I'm on board with sequence-error-tolerant experimental workflows (which was the standard not very long ago), but I'm more careful in my assumptions about how likely errors are to be significant. It certainly can be a good way to save a bit of time with some organization.

FWIW, my approach when cloning changes plasmid size is: (1) colony PCR; (2) start next step and send a single colony for sequencing in parallel; (3) go back to the positive colonies on the rare occasions that the sequence isn't perfect, if it still makes sense to do so.

Tina Austin's avatar

this is so fascinating

Hn's avatar

You should check out the work of Rama ranganathan. His lab does a lot of stuff, including pretty much exactly what you propose here.

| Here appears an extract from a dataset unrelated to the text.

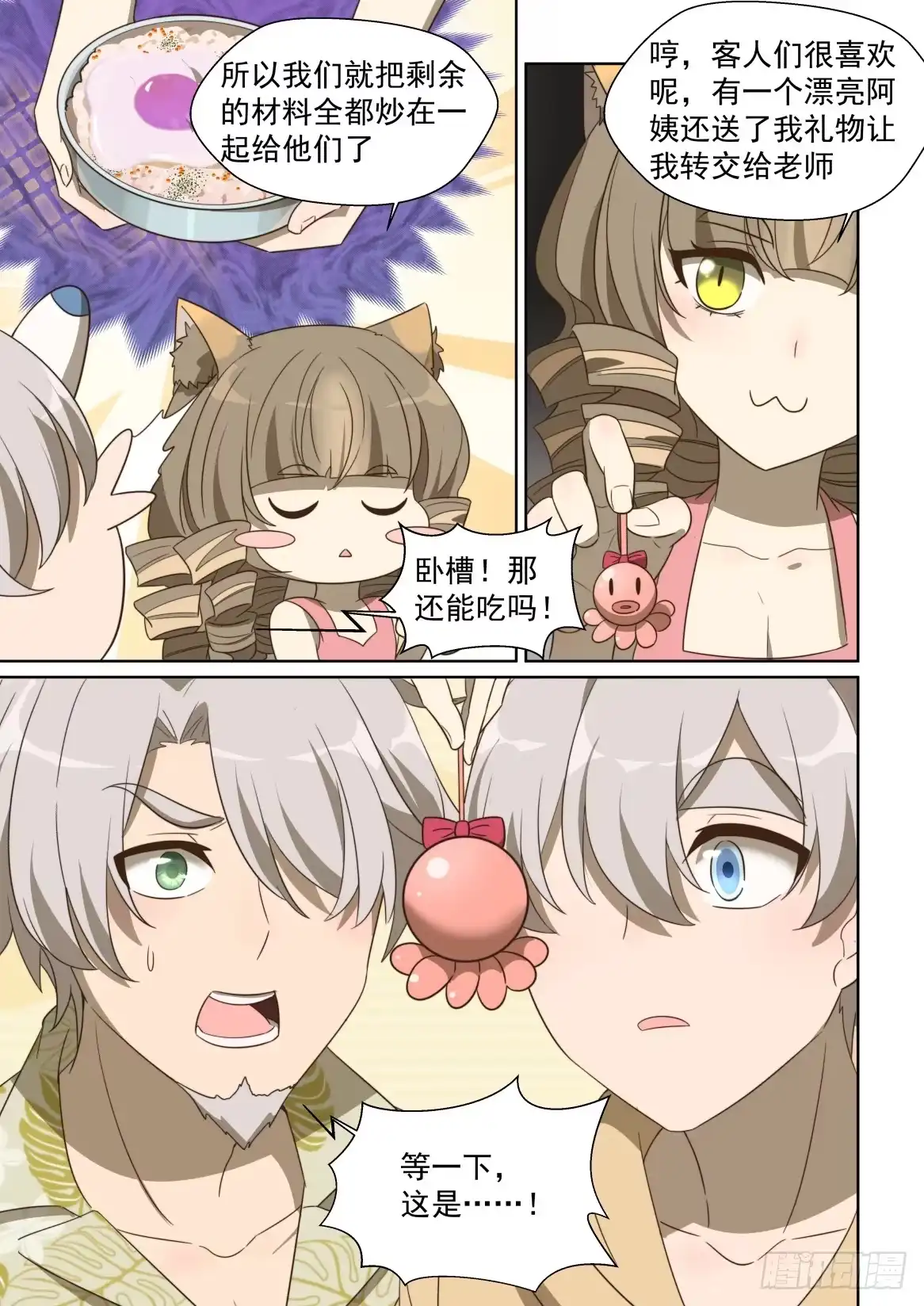 《血统学园》149话：狂欢之后 第4页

Some thoughts regarding cost of sequencing: is it more expensive to verify that your construct has the sequence you expect, or to run subsequent experiments based on trust that it will be okay? Often times the cheaper route is way more expensive in the long run. Interesting essay

Mbwanga Sambata's avatar

Fairly good models of mutational impact already exist, especially for coding sequence (one simple model is called a "codon table"), and researchers already accept imperfect sequences depending on the nature of the project.

Not every sequence will be perfect in a high throughput setting, plus it doesn't matter, esp because you usually have some redundancy built in and because you'll probably validate the most interesting hits. Conversely, it would be foolish not to do due diligence when plasmid is the single point of failure in an expensive and time consuming experiment.

Also sequencing costs are already cheaper and will probably continue decreasing (Quintara does $5/plasmid for simple plasmids) and no one I know picks 10 clones for sequencing (maybe 2 depending on the complexity, plus you can do colony PCR if it's very unreliable).